The Overhead Problem
That precision comes at a price. Each CpuWallTimer invocation performs a heap
allocation, two clock_gettime() syscalls, and a heap deallocation — roughly
~5μs of fixed overhead, depending on the platform. For a function like
array_gte(), which spends milliseconds per vector iterating over array
elements, 5μs is a negligible noise. But for a function like multiply that
incurs a single instruction, the timer takes longer than the work itself:
| Vector Size | No Tracking | Full Tracking | Overhead |
|---|---|---|---|
| 100 rows | 2.13ms | 5.89ms | 2.8x |
| 1,000 rows | 300μs | 668μs | 2.2x |
| 10,000 rows | 193μs | 233μs | 1.2x |
Benchmark for multiply(a, b) on double columns. Times are per 10K
iterations.
This overhead forced production systems to disable per-function CPU tracking
entirely, losing visibility into more granular CPU consumption. Selective
per-function tracking (expression.track_cpu_usage_for_functions) was added to
Velox in the past to let operators opt in specific functions, but even for
tracked functions the overhead remained — you just chose which functions to pay
the cost for.
Why Uniform Sampling Falls Short
The obvious next step is to sample: measure every Nth vector instead of every one, and extrapolate. A uniform rate applied to all functions would be simple — one counter, one config key. But a single rate cannot serve both cheap and expensive functions.
Consider array_gte, where the timer overhead is less than 0.1% of execution
time. Sampling in this case throws away measurement precision for no benefit —
the function can afford full tracking. Now consider multiply on small vectors,
where the timer is 2500% of the function cost. Even a 1/1000 rate may not be
aggressive enough. A rate that works for one function is either inaccurate or
insufficient for another.
Adaptive Per-Function Sampling
When a query starts running, adaptive sampling does not yet know which functions are cheap and which are expensive. So it watches.
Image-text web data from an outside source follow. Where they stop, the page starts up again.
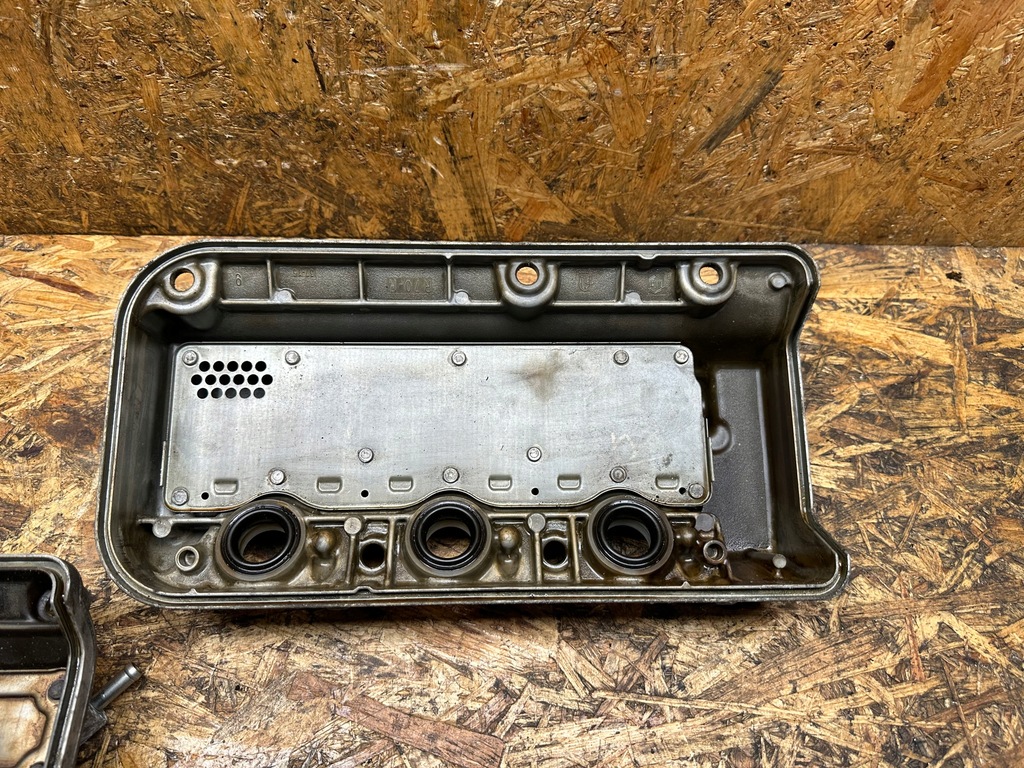 фото №5, Кришка головки honda accord legend odyssey j35z8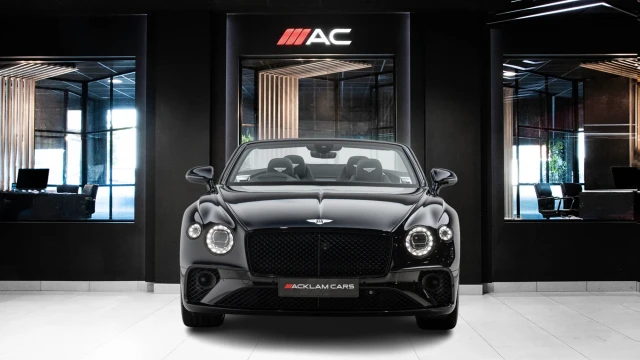 Bentley Continental Image 2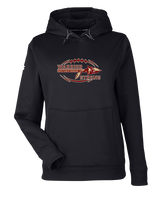 Santa Clarita Warriors Cheer Strong - Under Armour Ladies Storm Fleece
The first vector through each function is a warmup — caches and branch
predictors settle, and the system measures the cost of the CpuWallTimer itself
by creating and destroying a dummy one. Over the next 5 vectors, each function
runs with a lightweight stopwatch instead, quietly accumulating how long it
actually takes without any timer overhead.
By the sixth vector, the system has what it needs: the ratio of timer overhead
to function cost. If the ratio is within a configurable threshold (default 1%),
the function switches to full tracking: every future vector gets a
CpuWallTimer, with zero information loss. If the timer dominates, the function
switches to sampling at a rate that bounds overhead to the threshold:
| Function | Per-Vector Cost | Timer Overhead | Overhead Ratio | Decision |
|---|---|---|---|---|
multiply(a,b) 100 rows | ~0.2μs | ~5μs | 2500% | Sample 1/2500 |
multiply(a,b) 10K rows | ~20μs | ~5μs | 25% | Sample 1/25 |
array_gte(a,b) 100 rows | ~3ms | ~5μs | 0.17% | Always track |
array_gte(a,b) 10K rows | ~12ms | ~5μs | 0.04% | Always track |
Expensive functions get exact tracking. Cheap functions sample aggressively. No per-function configuration needed — just a single "max acceptable overhead" knob.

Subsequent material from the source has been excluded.